If you thought that player contracts had reached their peak in recent years and had finished leveling out, you'd be wrong. On Thursday afternoon, it was reported that the projected NFL salary cap would rise to $133 million for next season. Not only will this likely limit player movement as it affords franchises more cap flexibilty than expected, but it also is expected to rise exponentially betweeen 2014 and 2016.
Based on the market, Joe Flacco bout to be underpaid in a year or so. pic.twitter.com/Doohm749bw— DJ RedHerring Dunson (@CerebralSportex) February 28, 2014
This will also benefit teams such as the Dallas Cowboys and Carolina Panthers who are millions of dollars over the cap, but it also raises the four-year cap floor franchises must reach. A neat provision in the CBA which sought to prevent teams from colluding to keep player salaries lower while the salary cap rose to match the annual growth of the league's defined gross revenue divided by 32 teams, requires teams to spend at least 88.8 percent of the salary cap during a four-year period between 2013 and 2016 (and again between 2017 to 2020). If they haven't spent that average during the four-year period, they'll be penalized for violating the cap.

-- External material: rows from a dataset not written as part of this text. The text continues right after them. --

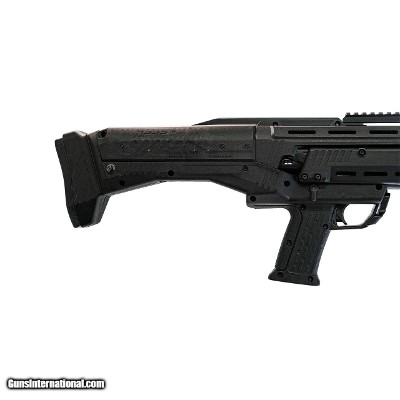 Standard Manufacturing DP-12 Generation II Double Barrel Pump Shotgun - Black FACTORY DIRECT IMMEDIATE SHIPMENT - Image 2 of 8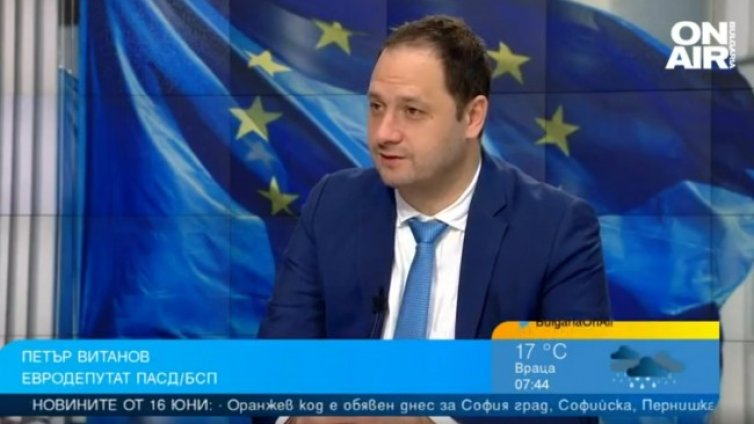 Витанов: Редно е човек от ГЕРБ да смени Габриел в ЕК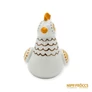 Kép 7/26 - Hollóházi porcelán -  Tyúkanyó csibével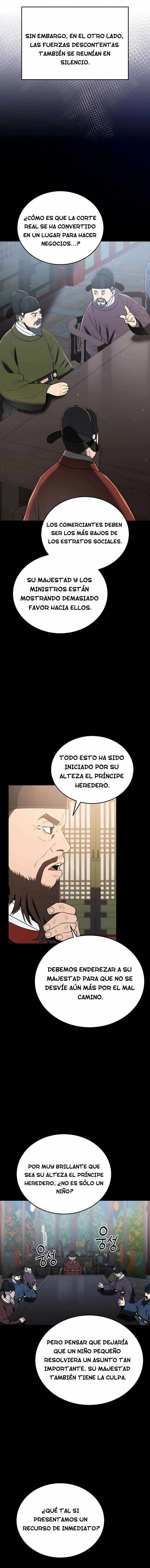 CORPORACIÓN NEGRA: JOSEON Capítulo 8 - Página 5 en español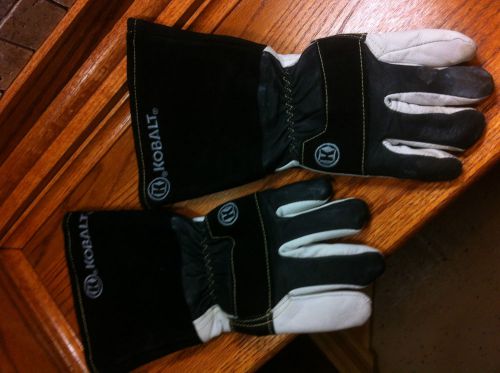 Kobalt long cuff welding gloves for sale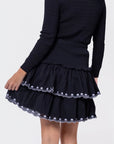 Kaida Skirt (Black) - Skirt - Yakira Bella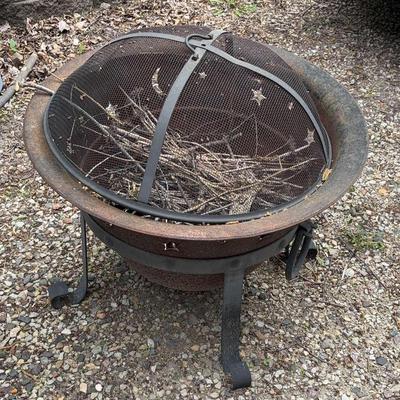 Metal Outdoor Fire Pit
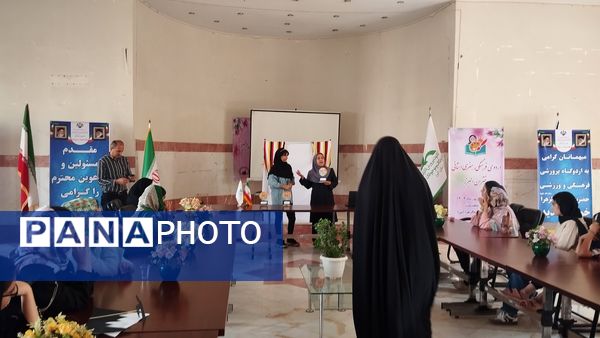 برگزاری اردوی فرهنگی، هنری و استانی دختران البرز در اردوگاه فاطمه الزهرا ماهدشت 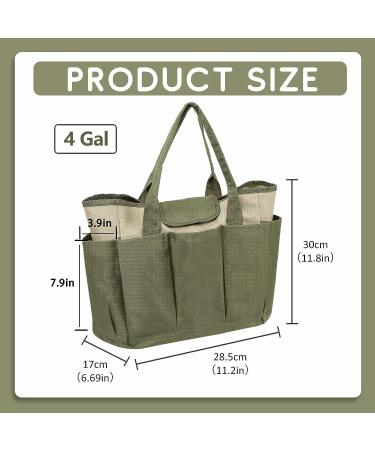 Art Supply Storage Organizer  Craft Organizers and Storage Tote Bag with Pockets Art Caddy Oxford Fabric Craft Storage Containers for Teacher  Students  Artist  Traveler Green Light Green - Buy Online on SooperMarket.com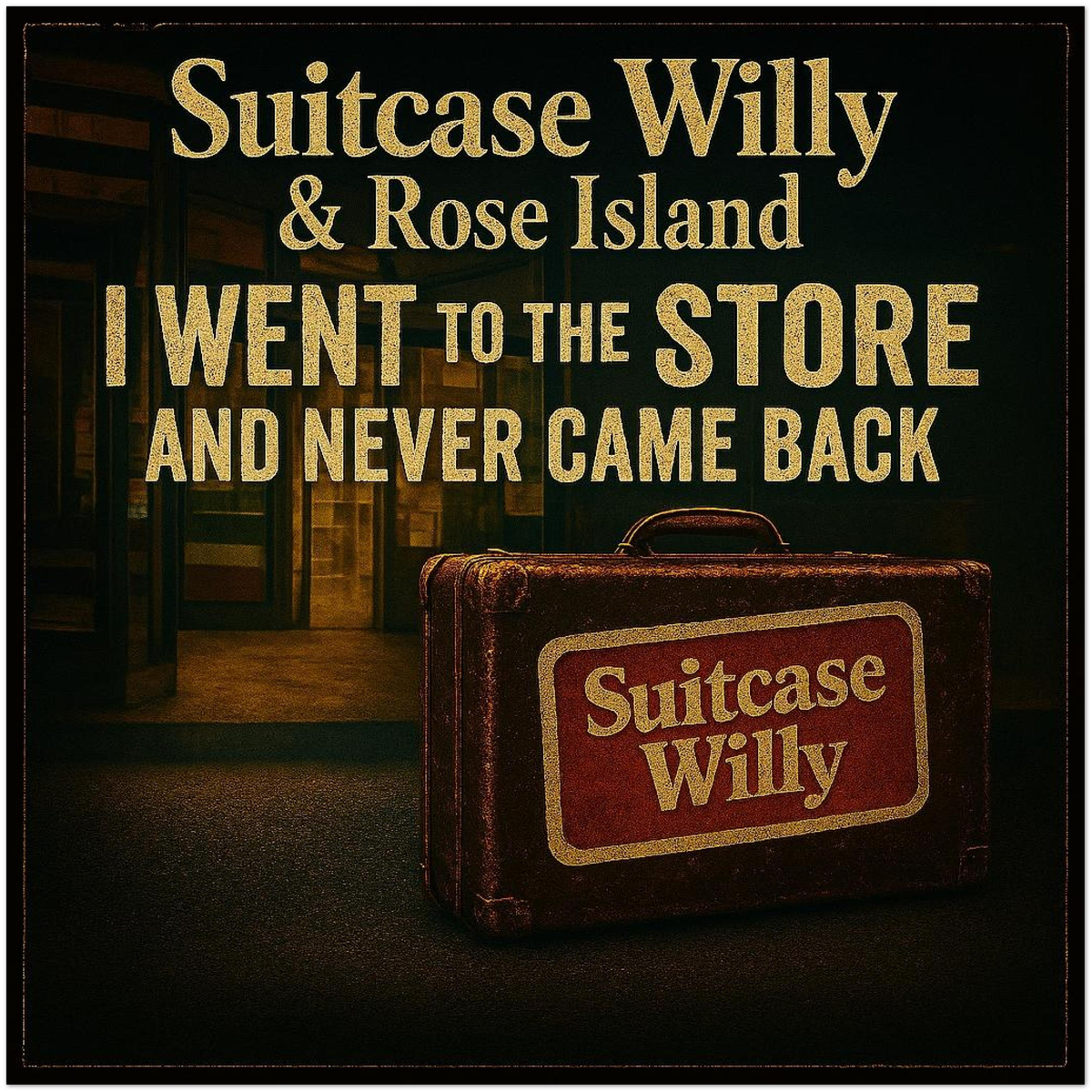 I Went to the Store and Never Came Back (feat. Rose Island) - Fine Art Poster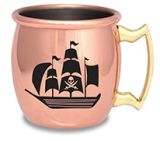 Moscow Mule Shot Glass - Pirate Ship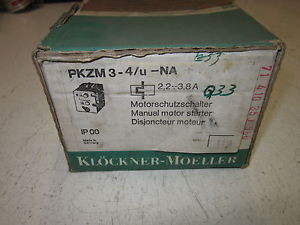 MOELLER PKZM 3-4-U-NA NEW IN A BOX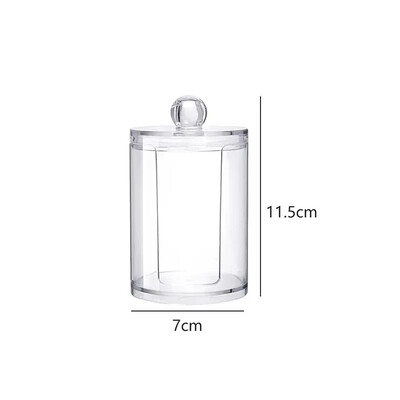 Kutija za pohranu pamučnog štapića Organizator za šminku Qtip Spremnik Organizator za pohranu kozmetike za šminku Kutija za pohranu nakita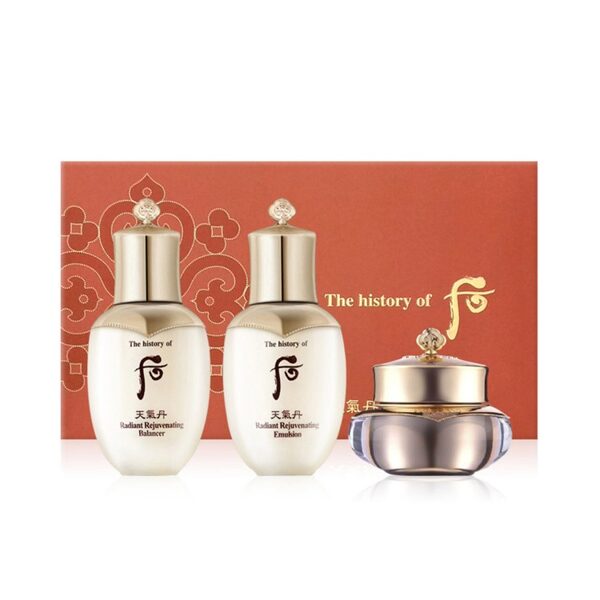 Anti-age набор восстанавливающих миниатюр The History Of Whoo Cheongidon Radiant Rejuvenating 3 Set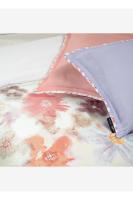 Josien Çift Kişilik %100 Pamuk Saten Nevresim Takımı Multi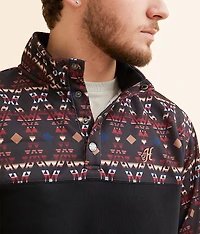 Stevie Quarter Snap Pullover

Presumably, the average NFL salary should rise to match growing revenues. It'll be interesting to see whether general managers begin backing more Brinks trucks into quarterback driveways or if they commence spreading the wealth to skill position players on the defensive end that have been left out of the rising contract market since the latest collective bargaining agreement was negotiated. Under Article 13, Section 6(b)(v) of the CBA, teams are allowed to carryover unused salary cap room which can be nothing but a positive for the Oakland Raiders who have approximately $68 million in cap space available to overspend in free agency.